§ WORK INSTRUCTIONS
Look through the entries below and show every line containing the word "Hotel".

§ SUPPLIED MATERIAL
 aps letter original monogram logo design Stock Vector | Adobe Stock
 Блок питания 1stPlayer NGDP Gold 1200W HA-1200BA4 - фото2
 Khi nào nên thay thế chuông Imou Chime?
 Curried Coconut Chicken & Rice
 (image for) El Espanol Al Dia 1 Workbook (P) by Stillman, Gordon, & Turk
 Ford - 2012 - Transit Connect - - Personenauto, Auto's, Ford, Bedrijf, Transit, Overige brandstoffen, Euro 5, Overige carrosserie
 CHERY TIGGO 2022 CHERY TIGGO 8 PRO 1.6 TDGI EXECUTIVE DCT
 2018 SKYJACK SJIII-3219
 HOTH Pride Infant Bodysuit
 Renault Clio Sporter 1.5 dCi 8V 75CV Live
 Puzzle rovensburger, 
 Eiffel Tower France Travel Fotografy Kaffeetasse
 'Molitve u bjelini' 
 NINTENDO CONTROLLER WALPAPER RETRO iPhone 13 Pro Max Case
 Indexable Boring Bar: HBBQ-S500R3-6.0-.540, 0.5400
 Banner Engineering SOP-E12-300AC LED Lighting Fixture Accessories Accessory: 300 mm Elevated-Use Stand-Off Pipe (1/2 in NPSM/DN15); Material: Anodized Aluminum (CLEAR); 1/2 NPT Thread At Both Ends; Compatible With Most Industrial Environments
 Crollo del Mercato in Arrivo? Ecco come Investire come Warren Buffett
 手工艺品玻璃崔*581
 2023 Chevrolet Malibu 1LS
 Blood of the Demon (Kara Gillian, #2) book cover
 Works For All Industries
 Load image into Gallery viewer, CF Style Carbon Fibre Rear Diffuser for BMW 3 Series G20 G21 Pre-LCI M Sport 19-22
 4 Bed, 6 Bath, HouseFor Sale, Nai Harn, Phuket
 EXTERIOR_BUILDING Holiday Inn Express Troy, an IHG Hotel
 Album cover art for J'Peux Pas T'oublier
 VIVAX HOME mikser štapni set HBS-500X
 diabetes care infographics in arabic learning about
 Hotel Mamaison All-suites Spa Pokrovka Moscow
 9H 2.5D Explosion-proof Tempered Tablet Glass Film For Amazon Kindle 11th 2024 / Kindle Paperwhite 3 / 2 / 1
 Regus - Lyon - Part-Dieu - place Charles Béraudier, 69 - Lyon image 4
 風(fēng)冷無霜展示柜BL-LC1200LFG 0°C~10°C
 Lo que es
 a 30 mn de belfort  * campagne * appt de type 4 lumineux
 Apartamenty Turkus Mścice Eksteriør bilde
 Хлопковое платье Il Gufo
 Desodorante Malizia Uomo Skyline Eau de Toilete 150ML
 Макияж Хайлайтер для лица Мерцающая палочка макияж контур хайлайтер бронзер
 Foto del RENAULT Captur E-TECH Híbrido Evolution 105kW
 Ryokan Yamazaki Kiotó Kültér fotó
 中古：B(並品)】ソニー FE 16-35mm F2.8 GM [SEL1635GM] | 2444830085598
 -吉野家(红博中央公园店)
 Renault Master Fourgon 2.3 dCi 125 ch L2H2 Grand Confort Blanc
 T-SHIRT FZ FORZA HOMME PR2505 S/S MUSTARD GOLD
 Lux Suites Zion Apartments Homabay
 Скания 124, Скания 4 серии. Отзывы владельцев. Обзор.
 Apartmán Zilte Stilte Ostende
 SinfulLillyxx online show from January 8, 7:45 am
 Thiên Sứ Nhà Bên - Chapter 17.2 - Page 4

§ SOLUTION TO THE EXERCISE
 EXTERIOR_BUILDING Holiday Inn Express Troy, an IHG Hotel
 Hotel Mamaison All-suites Spa Pokrovka Moscow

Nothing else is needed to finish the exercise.